Worker charges Vacco with discrimination after he was shown hangman's noose

By Molly English-Bowers | Nov 18, 2015

A Terrebonne Parish man is suing over civil rights violations and race discrimination at his workplace.

Terence Brooks filed the suit Nov. 9 in U.S. District Court of the Eastern District of Louisiana against Vacco Inc.

In April 2013, the plaintiff, an African-American male, began working for the defendant as a driver. On May 28, 2013, the suit claims, he and a Caucasian male were working at the defendant's Thoma-Sea Shipyard when the employee dangled a noose in front of the plaintiff. The threatening behavior continued, so the plaintiff spoke to management and asked to be assigned to another location. He never received a response.

On June 18, 2013, the plaintiff informed his supervisors he was going to report the noose incident to the Equal Employment Opportunity Commission. He finally received an email response from management about the incident, was told a meeting would be scheduled, but again, nothing happened, the suit claims.

After the plaintiff complained and notified management he was going to contact the EEOC, the defendant drastically reduced his work hours.

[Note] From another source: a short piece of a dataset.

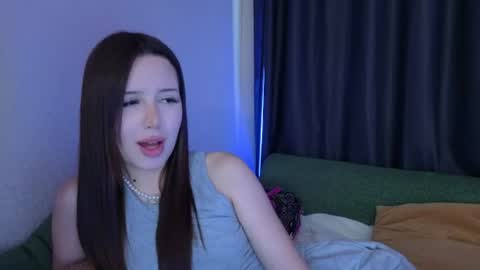 blackeyesgirl online show from July 17, 1:12 am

With no job reassignment or increased work hours, the plaintiff says he felt compelled to resign his unemployment.

In addition to a trial by jury, the plaintiff asks to be awarded all available relief, lost wages and benefits, reinstatement of front pay, attorney fees, expenses and court costs.

Representing the plaintiff is Christopher L. Williams, Williams Litigation of New Orleans.

U.S. District Court of the Eastern District of Louisiana case number 2:15-cv-05773-JCZ-SS.